High Performance Cluster (HPC) Notes
This post contains notes on working with an HPC running SLURM.
It includes a guide to submitting multiple R/Python jobs and other odds and ends.
Some useful resources (and sources for this post):
Run R jobs
Run a function across multiple jobs with different parameters
This is an example of running an R function across many jobs, each with a different parameter combination
Create function file
This is the R
code that you want to run.
my_function.R
:
get_normal_sims <- function(n, mean, sd) {
sims <- rnorm(n = n, mean = mean, sd = sd)
saveRDS("sims")
}
Create CSV with parameter combinations of interest
Each row of this csv contains one parameter combination of interest, to be inputed into the previous R
function.
job_params.csv
:
n,mean,sd
1000,0,2
100,10,1
10000,50,1000
Create job script to send one job to HPC
run_one_job.sh
:
#!/bin/bash
#SBATCH --job-name=rnormalsim # create a short name for your job
#SBATCH --nodes=1 # node count
#SBATCH --partition=day-long-cpu
#SBATCH --ntasks=1 # total number of tasks across all nodes
#SBATCH --cpus-per-task=1 # cpu-cores per task (>1 if multi-threaded tasks)
#SBATCH --mem=4G # total memory per node (4 GB per cpu-core is default)

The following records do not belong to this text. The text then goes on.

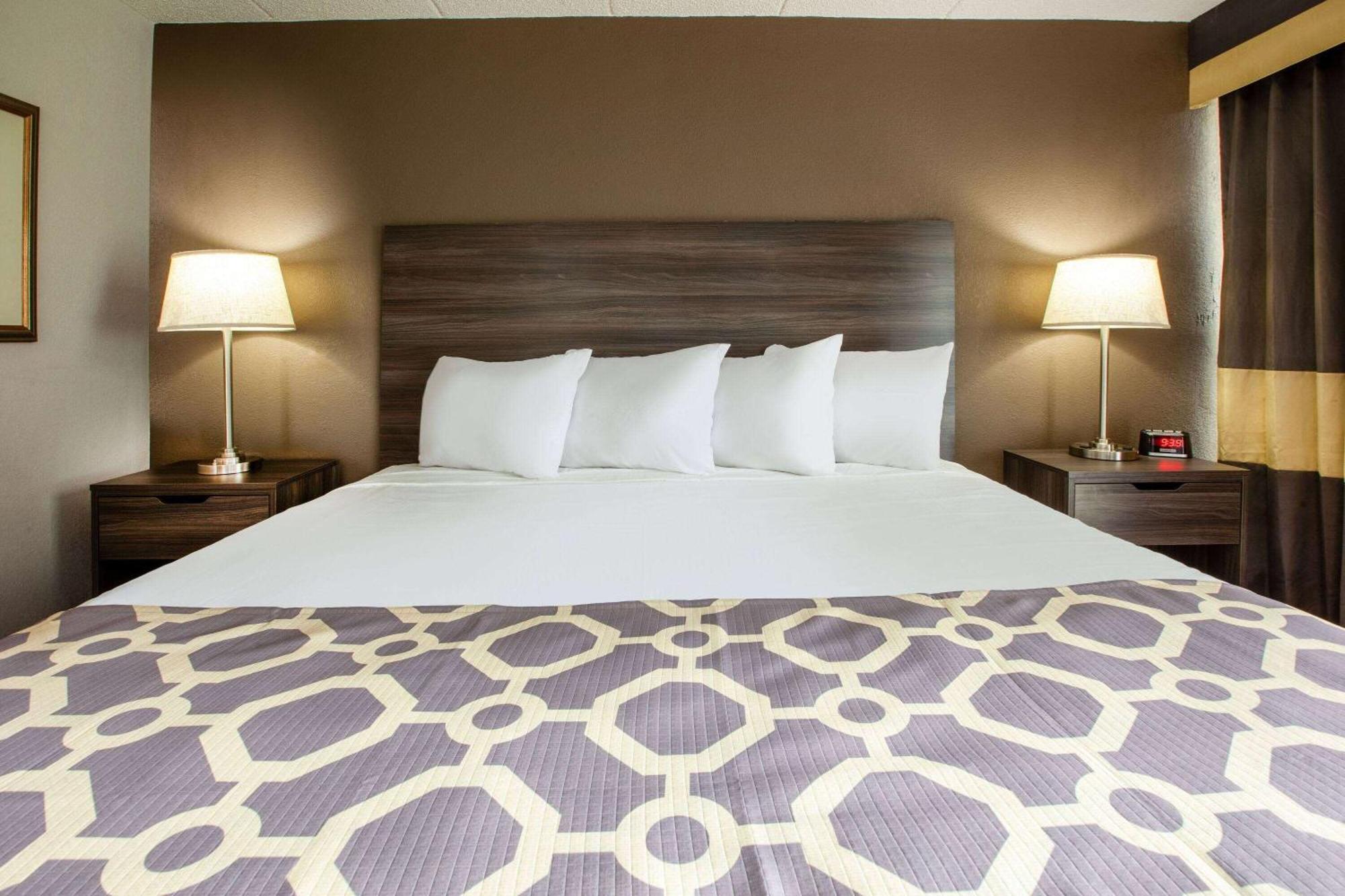 Motel Baymont By Wyndham Northwood Exterior foto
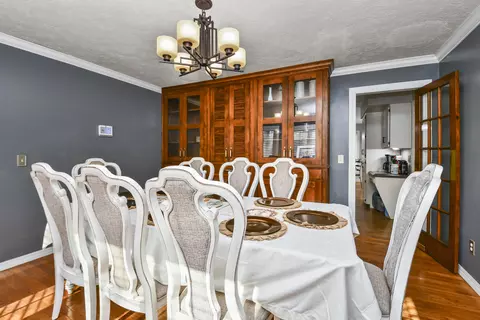 Dining - 3803 E Linwood St, Springfield, MO 65809 photo 2 of 5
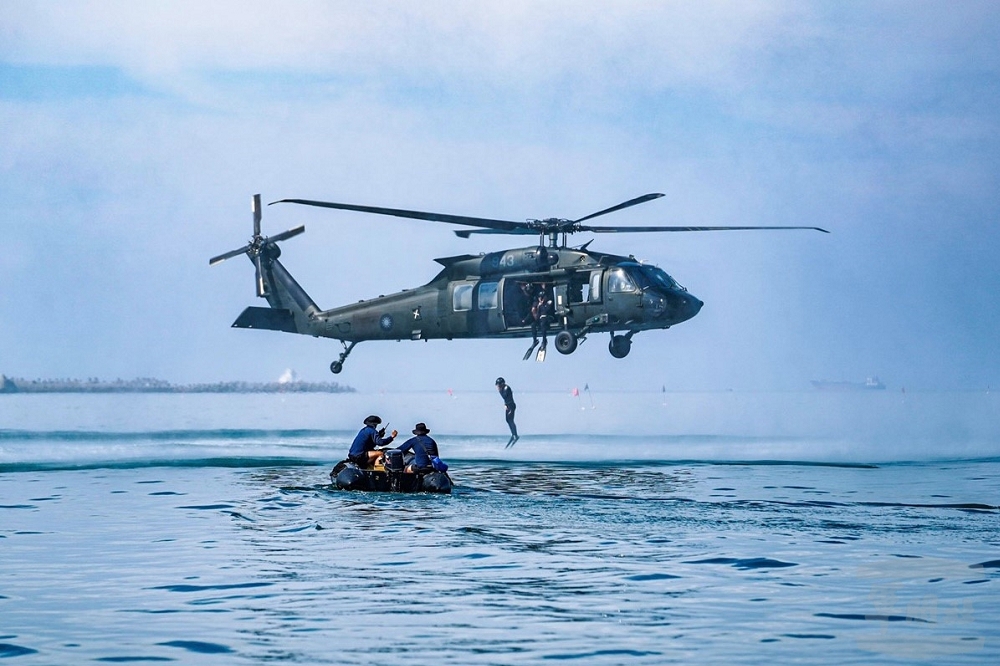 國軍漢光36號電腦兵推14日配合國軍戰備周，進行為期5天、24小時不間斷的演訓，圖為海空15日聯合特戰訓練，空軍UH-60M黑鷹直升機配合協訓。（海軍提供）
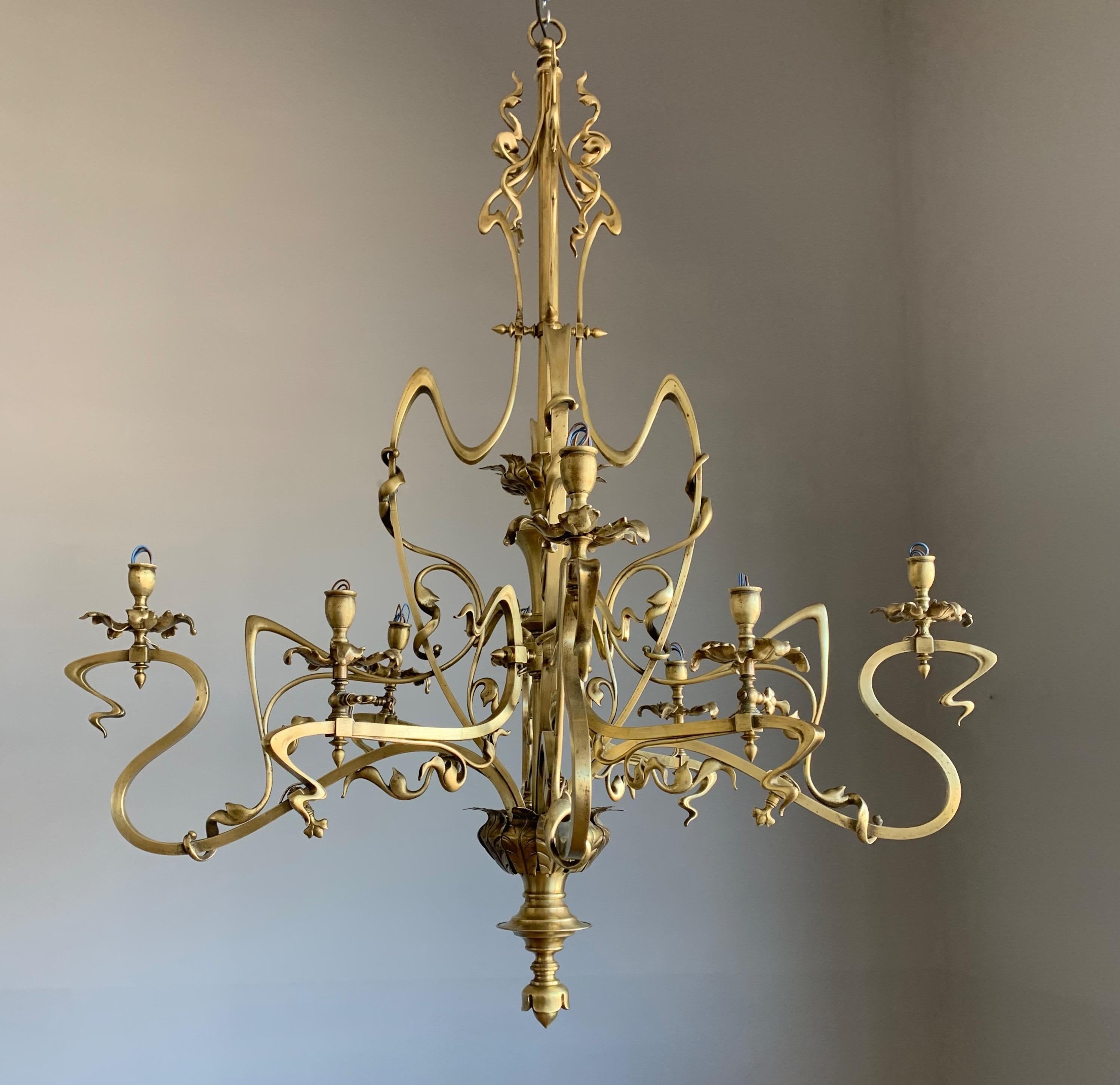 Large and Top Quality, Elegant & Exquisite Bronze 8 Light Art Nouveau Chandelier In Good Condition For Sale In Lisse, NL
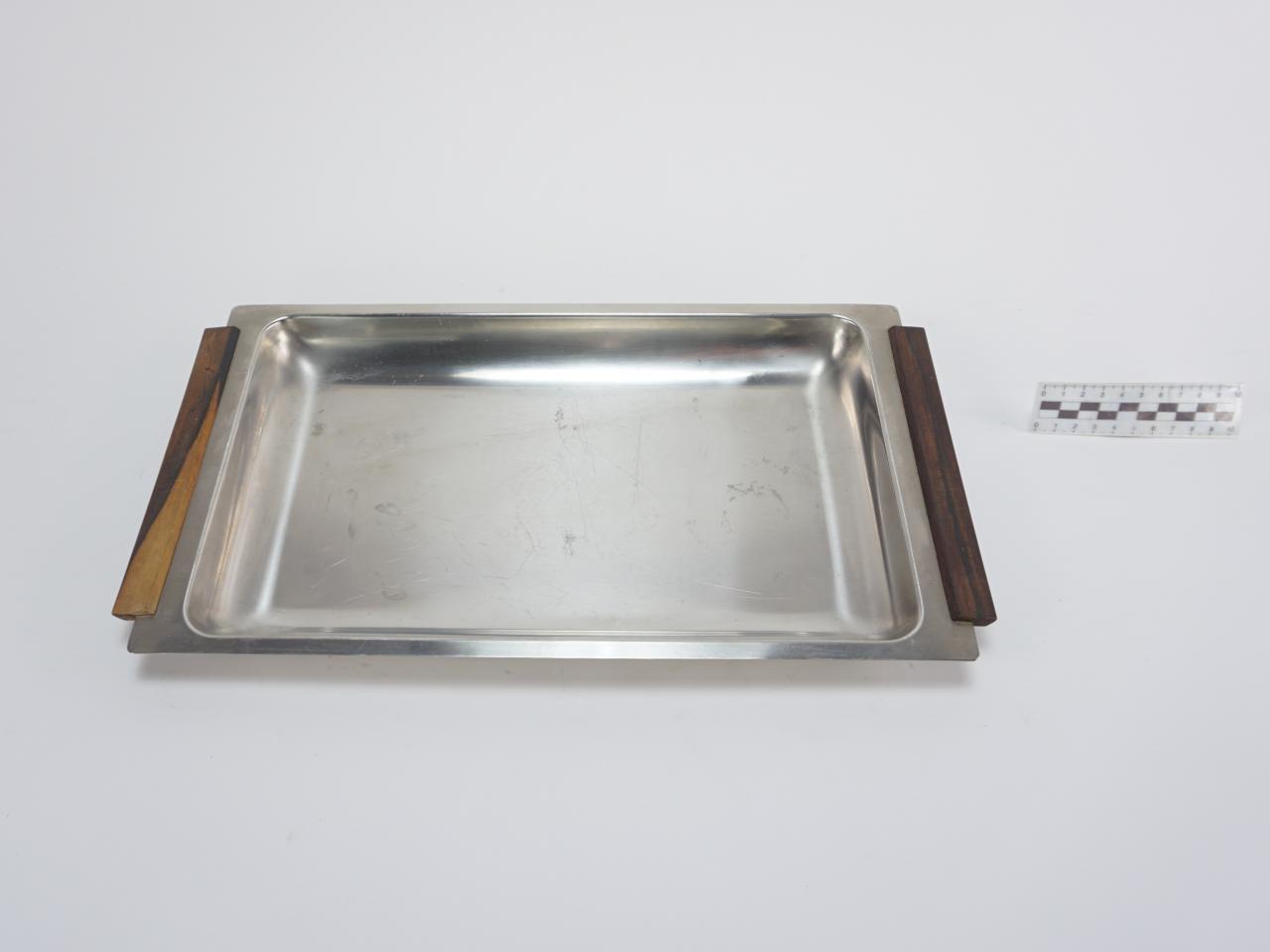TRAY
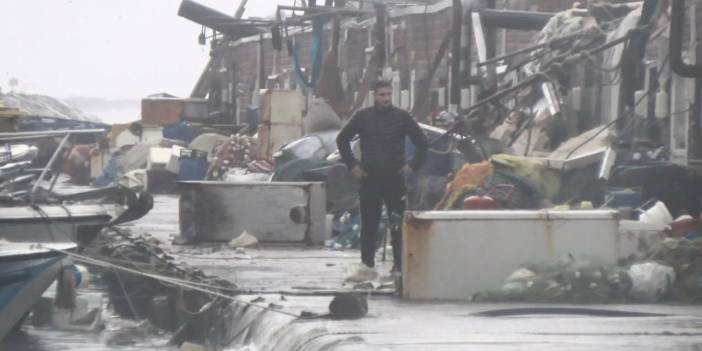 İstanbul'da fırtına: Avcılar'da balıkçı barınağı su altında kaldı
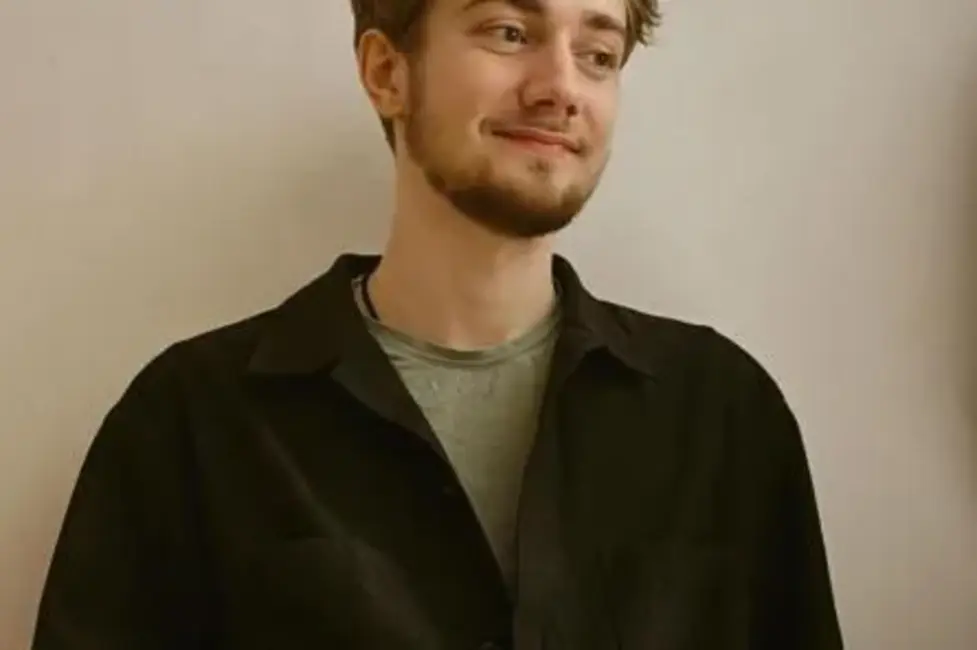 Arturs Dimiters, Džemmas Skulmes mazdēls, atklāj personālizstādi “Krāsas svars”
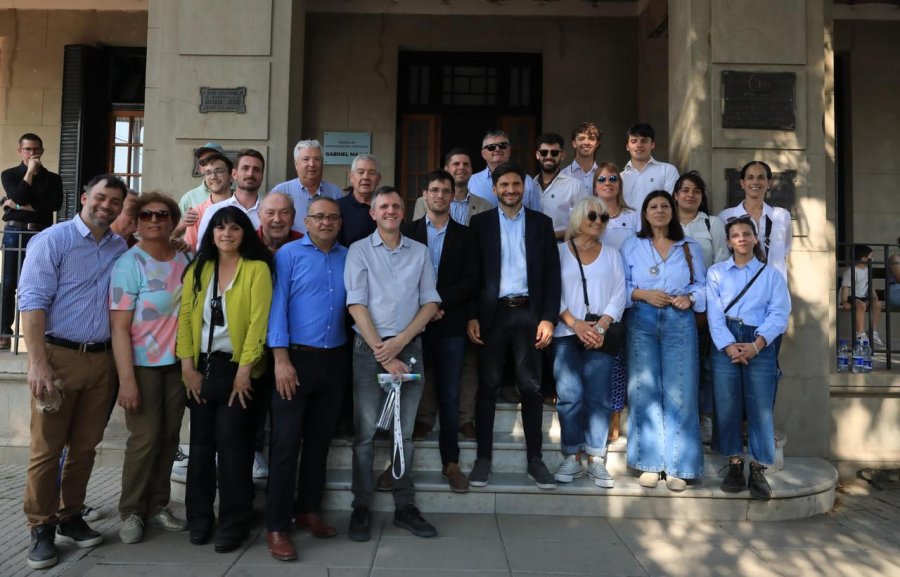 Pullaro junto a Viotti, concejales, diputados y dirigentes de Sociedad Rural. (FOTO EXPORURAL)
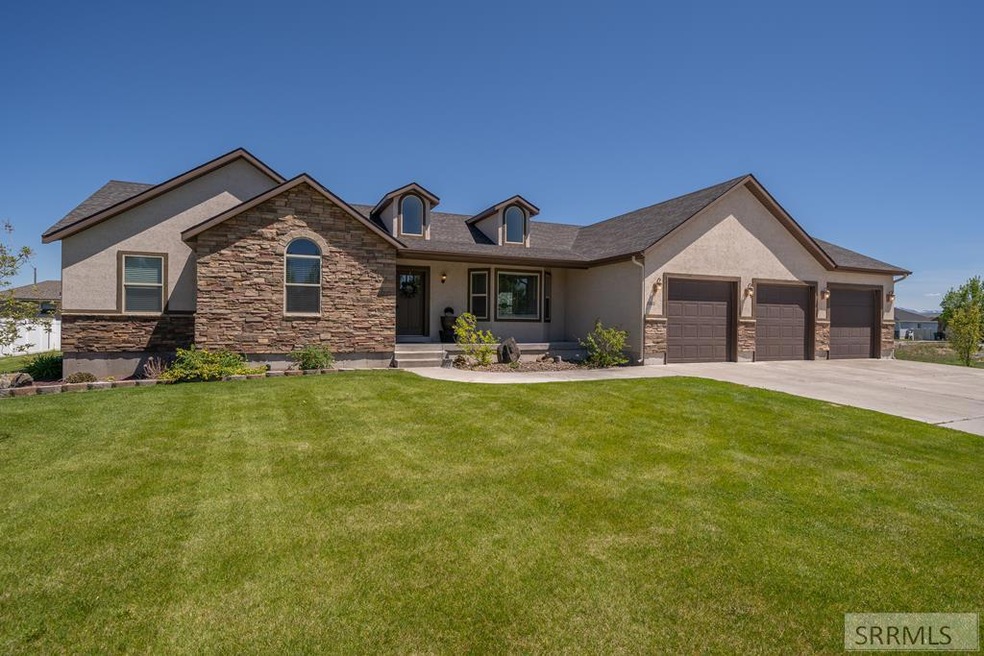 2880 N von Elm Dr, Blackfoot, ID 83221 - photo 1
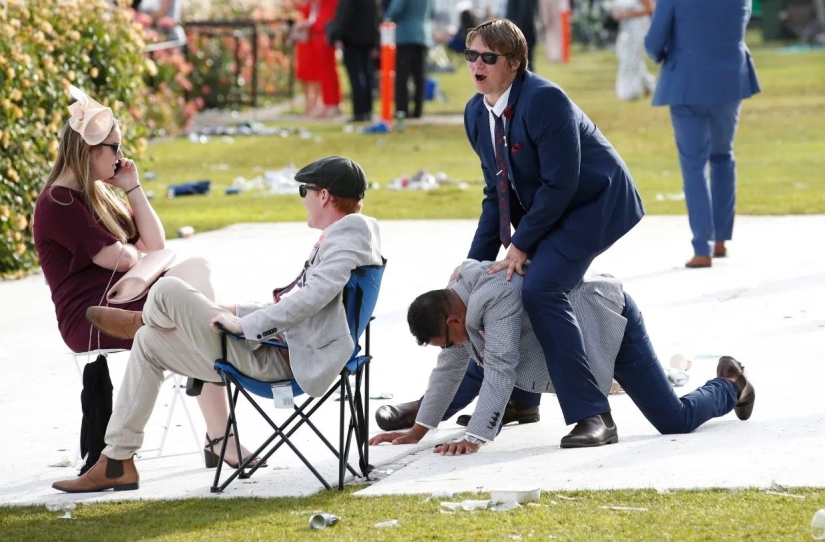 Alcoholic Race: Drunken collapse at the annual Melbourne Horse Race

#SBATCH -o rnorm-sim-%A_%a.out # output file format (%A is jobID, %a is task index)
module purge
module load R
Rscript -e << EEOF
source('your_function.R')
get_normal_sims(n=as.integer(Sys.getenv('PARAM1')),
mean=as.integer(Sys.getenv('PARAM2')),
sd=as.integer(Sys.getenv('PARAM3')))
EEOF
Note that the output of Sys.getenv()
is always a string, and thus needs to be converted to the type that get_normal_sims()
expects.
Create shell script to run all the jobs
run_all_jobs.sh
:
#!/bin/bash
tail -n +2 job_params.csv | while IFS=',' read -r param1 param2 param3
do
sbatch --export=PARAM1="param1",PARAM2="param2",PARAM3="param3" run_one_job.sh
done
Submit jobs
Finally run the following bash commands in the cluster to send all jobs:
chmod +x run_all_jobs.sh
./run_all_jobs.sh
Other Notes
Install R package from github
This is an example of installing current version of grmbayes
from my github.
Run the following code on the HPC:
module load R
Rscript -e "devtools::install_github('wyattgmadden/grmbayes')"
ssh into node
ssh NODE#
top -u wmadden
See current jobs
squeue -u wmadden
Cancel all jobs sharing a name
squeue -u wmadden --format="%i %j" | awk '$2=="job_name" {print $1}' | xargs -I {} scancel {}
Check current use of private nodes
sinfo -p nodeowner -o "%10N %20C %20m %10F"
where nodeown
is the username of the owner of the private nodes.